The Imitation Game: Turing and Beyond

BLOG: Heidelberg Laureate Forum

Laureates of mathematics and computer science meet the next generation
Heidelberg Laureate Forum

Thanks to the eponymous film, “the imitation game” is a phrase known by many people. I must confess though, before the talk by Avi Widgerson (Nevanlinna and Abel Prize recipient), on day two of the Heidelberg Laureate Forum, I wouldn’t have been able to tell you what an imitation game actually was. I might have mumbled something about computers, or even blurted out the words “Turing test”, but beyond that I would have been clueless. I learned over the course of that hour how imitation games are a tool with uses far beyond computing.

I shall begin as Widgerson did, and indeed as Turing himself did. With the Turing test.

I’m not a robot

The Turing test was posed in Alan Turing’s 1950 paper “Computing Machinery and Intelligence”. Perhaps unsurprisingly, the name “Turing test” came about later. The name Turing gave his test was “the imitation game”, providing a small indication of what the test involves.

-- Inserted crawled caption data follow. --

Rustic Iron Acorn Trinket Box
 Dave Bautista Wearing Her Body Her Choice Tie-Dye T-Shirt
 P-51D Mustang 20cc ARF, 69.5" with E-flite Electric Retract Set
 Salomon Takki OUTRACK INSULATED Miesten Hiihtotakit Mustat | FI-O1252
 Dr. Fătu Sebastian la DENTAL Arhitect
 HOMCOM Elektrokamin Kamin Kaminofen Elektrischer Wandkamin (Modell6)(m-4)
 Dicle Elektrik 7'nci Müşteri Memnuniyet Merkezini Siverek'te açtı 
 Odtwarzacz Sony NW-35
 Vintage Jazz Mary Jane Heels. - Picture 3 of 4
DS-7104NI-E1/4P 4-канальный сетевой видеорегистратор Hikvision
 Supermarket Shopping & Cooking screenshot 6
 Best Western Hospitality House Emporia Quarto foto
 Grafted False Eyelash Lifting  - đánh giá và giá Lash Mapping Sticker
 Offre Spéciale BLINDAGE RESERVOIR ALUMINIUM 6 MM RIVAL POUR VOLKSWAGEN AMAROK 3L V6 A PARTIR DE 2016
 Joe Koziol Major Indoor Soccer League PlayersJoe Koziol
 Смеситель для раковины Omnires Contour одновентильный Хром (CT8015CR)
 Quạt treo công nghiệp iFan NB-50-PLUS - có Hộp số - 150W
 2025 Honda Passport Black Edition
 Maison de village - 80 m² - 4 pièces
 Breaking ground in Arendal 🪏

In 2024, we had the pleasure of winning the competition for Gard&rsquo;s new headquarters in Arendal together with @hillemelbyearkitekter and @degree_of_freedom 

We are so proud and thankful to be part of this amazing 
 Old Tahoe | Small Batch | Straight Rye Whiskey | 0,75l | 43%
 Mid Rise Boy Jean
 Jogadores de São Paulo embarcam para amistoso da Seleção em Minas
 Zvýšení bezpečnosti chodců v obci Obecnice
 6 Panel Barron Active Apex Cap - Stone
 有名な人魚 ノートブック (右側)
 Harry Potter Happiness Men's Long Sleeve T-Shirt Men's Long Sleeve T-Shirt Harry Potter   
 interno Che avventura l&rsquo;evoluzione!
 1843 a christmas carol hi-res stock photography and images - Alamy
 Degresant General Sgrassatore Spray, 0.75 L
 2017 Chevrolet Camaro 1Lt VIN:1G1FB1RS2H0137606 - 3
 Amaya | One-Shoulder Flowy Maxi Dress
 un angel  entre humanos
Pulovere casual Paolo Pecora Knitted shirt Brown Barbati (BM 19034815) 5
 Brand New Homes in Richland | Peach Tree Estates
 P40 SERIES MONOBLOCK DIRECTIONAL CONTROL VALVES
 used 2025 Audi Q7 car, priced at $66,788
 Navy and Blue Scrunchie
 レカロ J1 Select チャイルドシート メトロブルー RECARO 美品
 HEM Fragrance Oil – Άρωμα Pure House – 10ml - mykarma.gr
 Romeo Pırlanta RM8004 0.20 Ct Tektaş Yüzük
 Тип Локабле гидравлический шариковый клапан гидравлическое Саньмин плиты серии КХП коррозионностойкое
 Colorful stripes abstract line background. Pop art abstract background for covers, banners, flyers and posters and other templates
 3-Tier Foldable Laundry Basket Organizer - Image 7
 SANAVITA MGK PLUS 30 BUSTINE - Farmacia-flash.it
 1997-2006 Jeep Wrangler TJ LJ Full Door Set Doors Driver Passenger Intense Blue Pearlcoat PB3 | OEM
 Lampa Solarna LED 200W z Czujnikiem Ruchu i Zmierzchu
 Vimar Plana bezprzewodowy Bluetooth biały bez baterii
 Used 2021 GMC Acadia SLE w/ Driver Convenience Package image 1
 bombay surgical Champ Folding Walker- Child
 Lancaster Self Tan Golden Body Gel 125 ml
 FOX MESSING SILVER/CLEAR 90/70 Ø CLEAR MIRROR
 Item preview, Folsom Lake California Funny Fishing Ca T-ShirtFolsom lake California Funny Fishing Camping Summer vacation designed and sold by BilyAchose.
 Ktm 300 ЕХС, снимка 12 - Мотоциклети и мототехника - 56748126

The purpose of the test is to determine whether or not a machine is able to exhibit intelligence. Put another way: can a robot think?

In the Turing test, a human referee interacts with an entity. The referee does not know whether the entity is itself human or not. At the end of the interaction, the referee must make a judgement as to the entity’s humanity. The robot entity is defined to be intelligent if a similar guess is made by every referee as it is in the case of a human entity.

Put more formally, consider a robot 🤖. Let \( p_0 \) be the probability that a referee judges a human entity to be human, and let \( p_1 \) be the probability that a referee judges the robot entity 🤖 to be human. The robot 🤖 is intelligent if for every human referee, \( p_0 \approx p_1 \).

The image is split down the middle by a dotted line. On the left-hand side is a graphic of a woman, and on the right is a robot graphic. Arrows got from both of these to a graphic of a man with code on it. There is a question mark about the graphic, and a speech bubble below reading "it's random". To the left of the speech bubble, p_0 is written. p_1 is written to the right

At this point, I should say that if “intelligence” meant the same thing as it does in everyday parlance, then we would have to have a serious debate over whether or not humans are the right benchmark to be using. Intelligence here is defined as the ability to pass this test. That is precisely of the beauty of the test. It circumvents the philosophical debate over what it means to think, and focusses instead on the behavioural viewpoint.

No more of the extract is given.